DATA SEGMENT:
▼
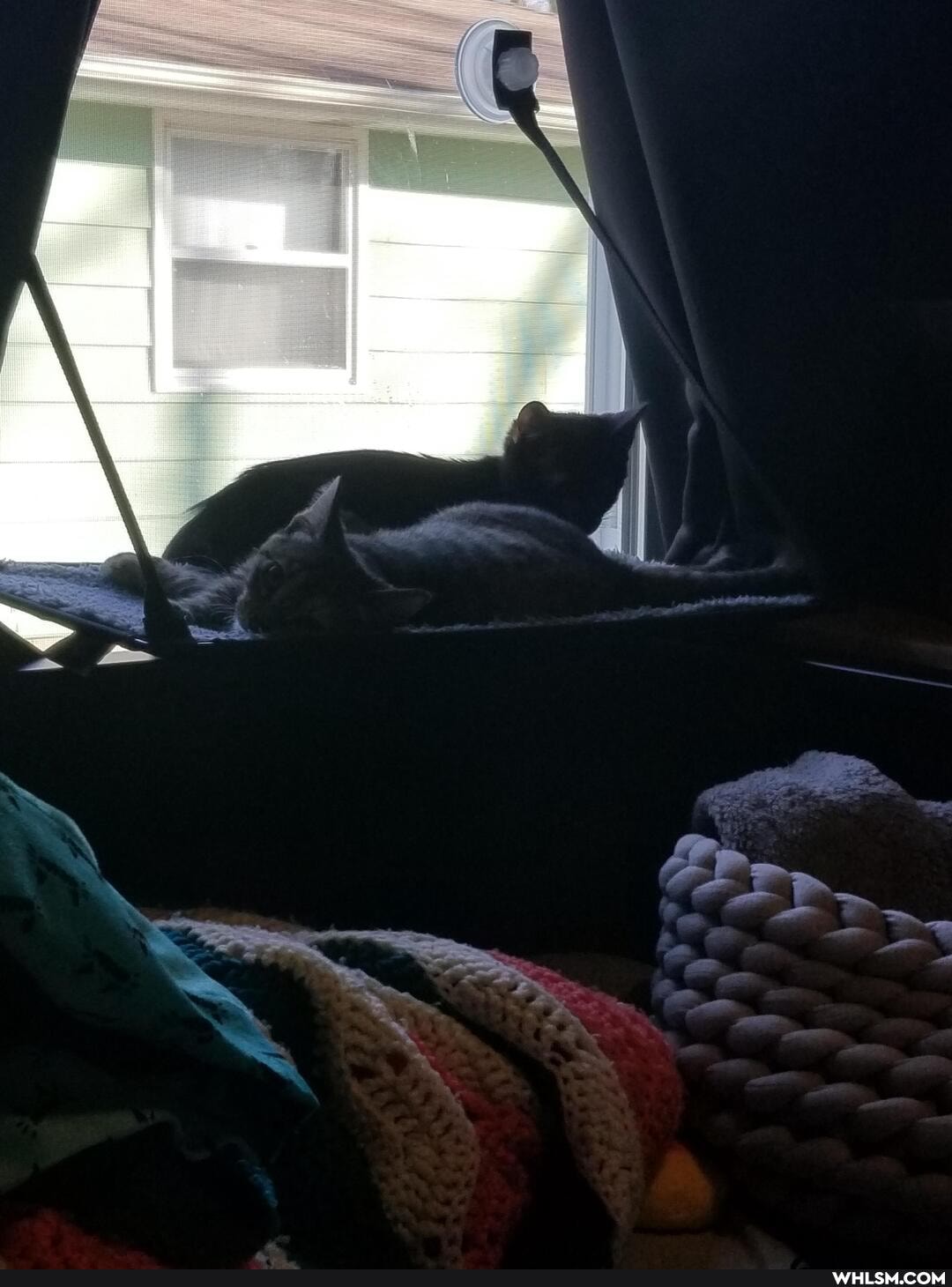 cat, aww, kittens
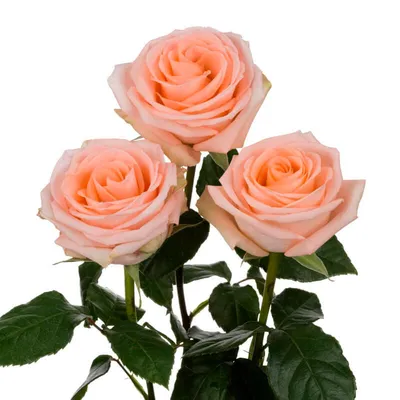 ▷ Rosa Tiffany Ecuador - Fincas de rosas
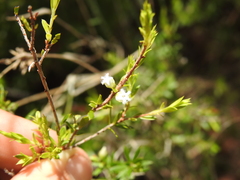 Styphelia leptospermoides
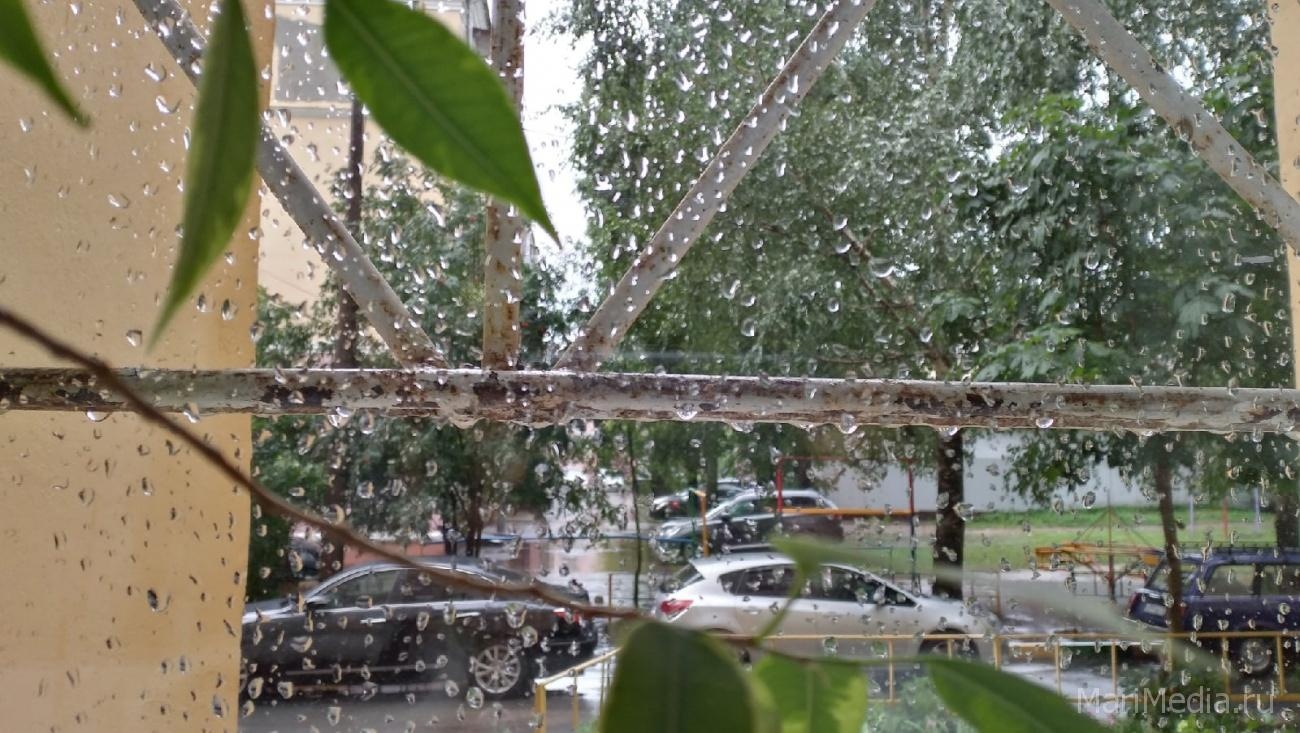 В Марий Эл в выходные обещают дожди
▲
TASK GOAL: Please transcribe exactly the lines from the one containing "Styphelia leptospermoides" through the final line of the data, including both, and nothing else. Pictures are to be left out.

RESULT FOR THIS TASK:
 Styphelia leptospermoides
 В Марий Эл в выходные обещают дожди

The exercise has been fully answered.